Não há como não reconhecer a moda como um alicerce cultural da sociedade e

como uma indústria de mercado altamente lucrativa, que utiliza, como em qualquer

outro mercado de consumo, técnicas de comunicação e marketing buscando a

visibilidade comercial.

A moda é a exaltação do novo, pois apresenta como característica a efemeridade

própria do sistema capitalista, ao eleger a cada ciclo, novidades e tendências que

logo ficam obsoletas diante de novos produtos eleitos como tendência no próximo

ciclo. A indústria da moda representa toda a dinâmica do consumo na sociedade

contemporânea, melhor do que qualquer outra indústria, a moda soube desassociar

a real função do vestuário, agregando signos como luxo, beleza, e fantasia à

indumentária, despertando o desejo pelas novidades e tendências no público

consumidor.

Todo este encantamento pelo universo da moda muito se deve as semanas de

moda. Os desfiles realizados pelas marcas nestes eventos despertam nos

consumidores, a cada temporada, o desejo pelas novas tendências da moda, ao

mesmo tempo em que reafirmam os conceitos de elegância, juventude e status que

movimentam o interesse por esta indústria.

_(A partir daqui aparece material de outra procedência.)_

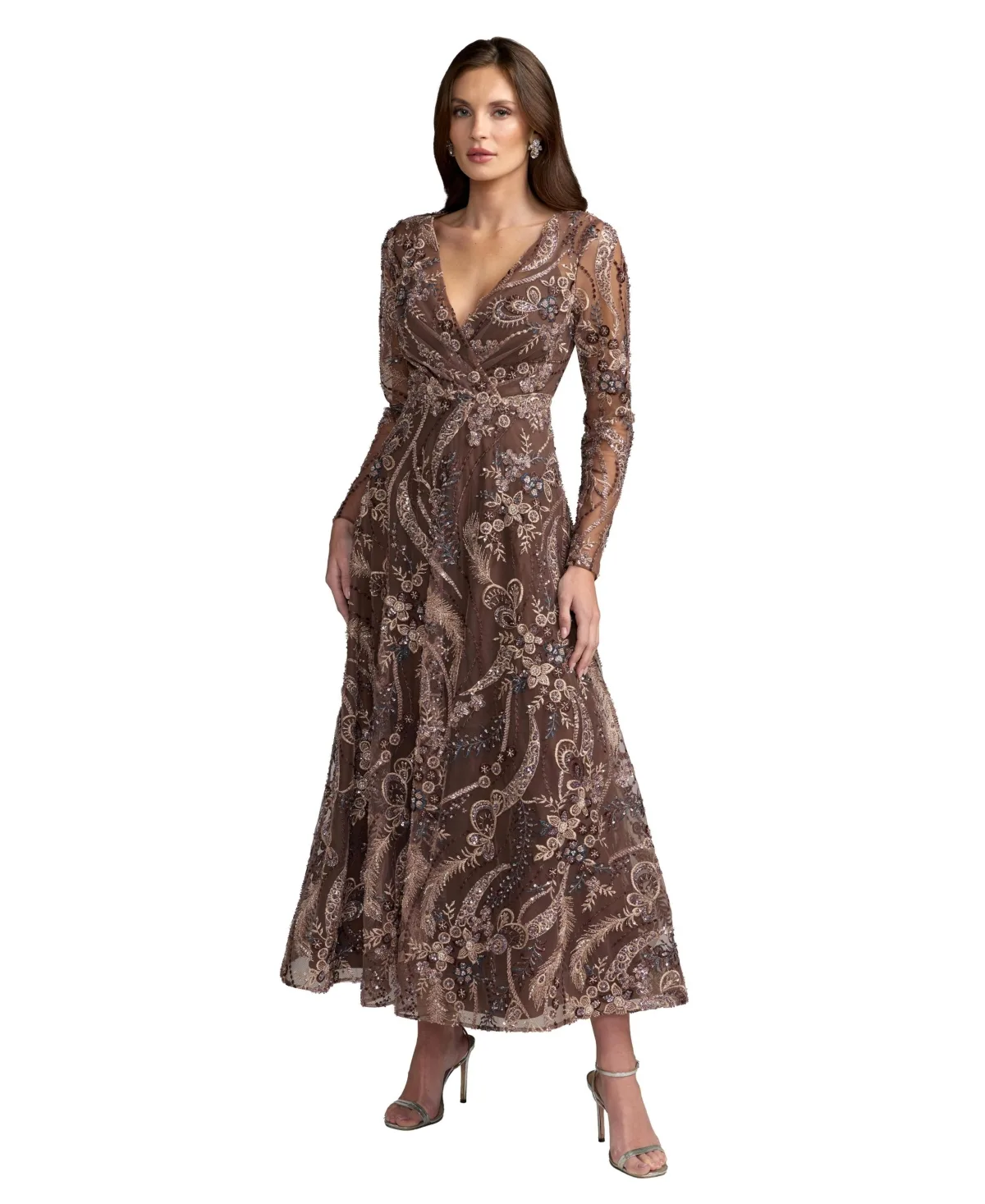 Mac Duggal Floral-Print Embroidered A-Line Dress by M.A.C.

Os desfiles nas semanas de moda são importantes instrumentos de marketing para

a promoção das marcas e produtos das grifes, sendo um instrumento para que elas

se aproximem ainda mais de seus clientes. Através dos desfiles, as grifes

apresentam os seus novos produtos e diretrizes da nova coleção, além de obter uma

exposição gratuita na mídia.

As semanas de moda, além de gerar visibilidade para as marcas, organizou

naturalmente todo o segmento, ajustando o planejamento das marcas sob um

calendário único. Desta forma, as grifes passaram a ter um planejamento de coleção

organizado, tendo as semanas de moda como ponto de referência para o

lançamento dos novos produtos.

O calendário de semanas de moda brasileiro acaba de sofrer uma grande alteração.

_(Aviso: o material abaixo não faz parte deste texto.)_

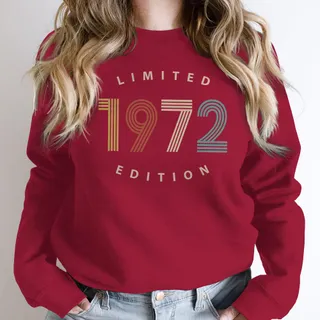 Limited Edition 1972 Birthday Sweatshirt – Cardinal Red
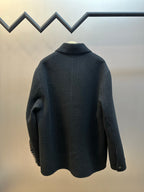 Back view of Burberry long-sleeve coat with stand collar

A partir de 2013, os dois principais eventos de moda do Brasil, o Fashion Rio e o

São Paulo Fashion Week passaram a acontecer em março para apresentar as

coleções de verão, e outubro, para apresentar as de inverno, e não mais em janeiro

e junho como ocorria anteriormente. Esta medida é um importante movimento para

as grifes brasileiras estruturarem melhor o planejamento de lançamento das suas

coleções, para alinhar os seus produtos com as tendências mundiais, e focar em

inovações e aperfeiçoamento dos produtos lançados diante da crescente

concorrência internacional.

Esta medida que visa ajustar o calendário de toda a cadeia de produção de moda

com o dos eventos que acontecem no país a partir de 2013 trouxe diversas

implicações para toda a indústria, tendo como principal delas, um período maior para

as marcas planejarem suas novas coleções, lançamentos e distribuição no mercado.

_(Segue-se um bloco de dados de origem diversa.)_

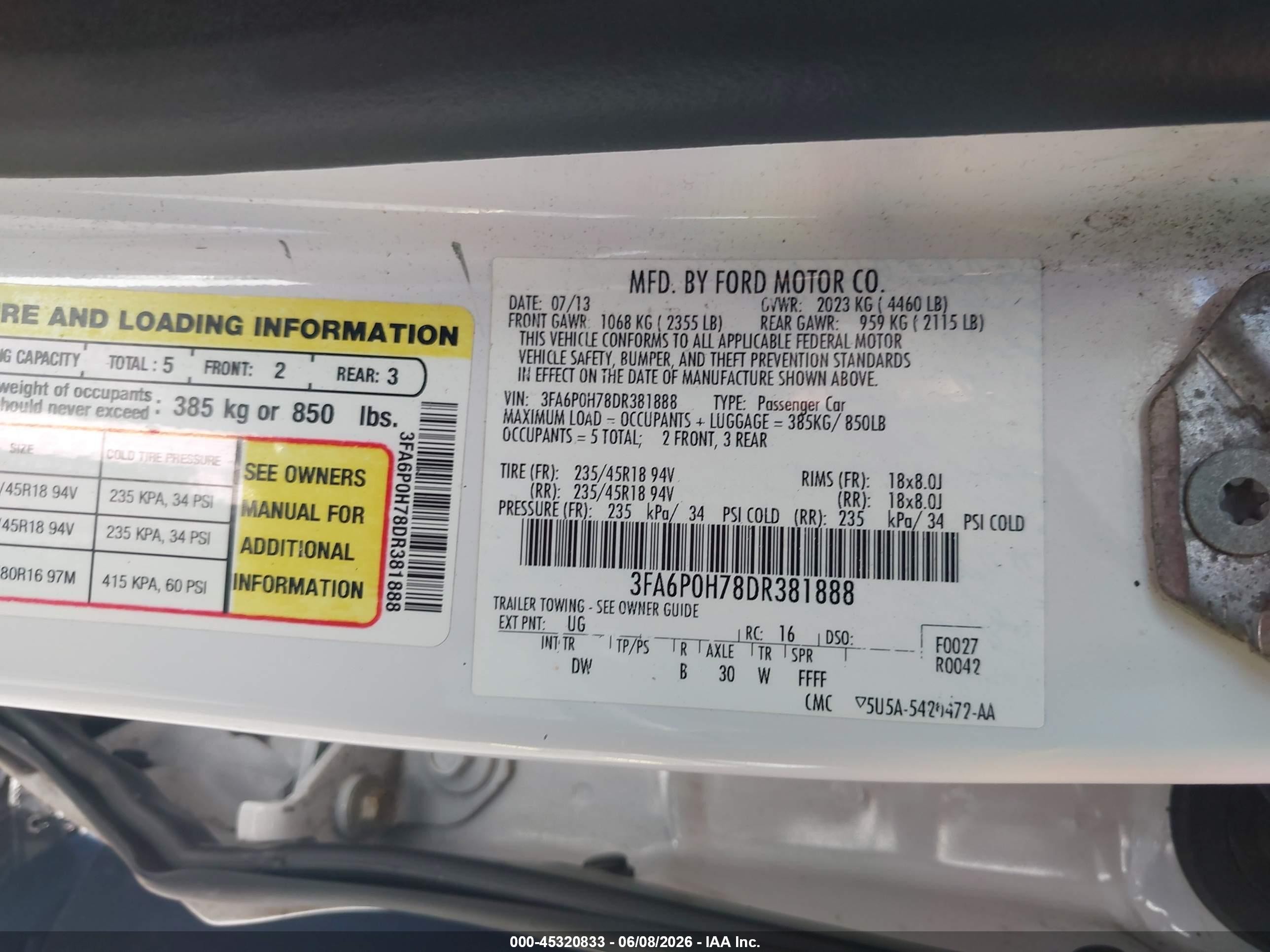 2013 Ford Fusion Se White vin: 3FA6P0H78DR381888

O MARKETING E COMUNICAÇÃO NO MERCADO DE MODA

A moda tem tomado cada vez mais espaço na vida das pessoas. Atualmente, ela é

muito mais acessível e disseminada na mídia. As pessoas cada vez mais possuem

recursos informativos, capazes de mantê-los antenados acerca das tendências de

moda e dos últimos lançamentos das marcas. As grifes desenvolveram, ao longo

dos últimos anos, estratégias bem consolidadas de comunicação e marketing.

Consequentemente, o mercado de moda tem crescido. Novas marcas nascem com

novas propostas a cada dia, tornando o mercado cada vez mais competitivo.

A comunicação é um aspecto crucial das missões de marketing das marcas de

moda, e um fator determinante do sucesso ou do fracasso das empresas. O sucesso

de uma marca no mercado da moda se deve, em grande parte, a diversas ações

comunicacionais que podem conferir-lhe visibilidade e agregar valores, entre as

quais se destacam as campanhas publicitárias, os desfiles de apresentação de uma

coleção, e todas as outras estratégias que possam favorecer a visibilidade de sua

identidade, valorizar seu estilo e sua personalidade junto ao consumidor. A

comunicação bem planejada estimula e motiva as vendas, mas é preciso estar

associada a outros fatores, como qualidade do produto, boa apresentação, bom

atendimento e preço compatível.

A comunicação é utilizada pela indústria da moda desde as últimas décadas do

século XIX, mas hoje ela apresenta linguagens e imagens bem diversificadas, e

cada vez mais utiliza os recursos midiáticos para encantar e seduzir as pessoas,

visando o consumo. Segundo Lipovetsky (2003), na pós-modernidade ocorre uma

fusão entre a moda e a mídia. A moda está espalhada por todas as mídias: nos

filmes, na TV, no rádio, e nos impressos, que difundem determinados tipos de

beleza, estilos de vida, e as tendências de moda a serem reproduzidas.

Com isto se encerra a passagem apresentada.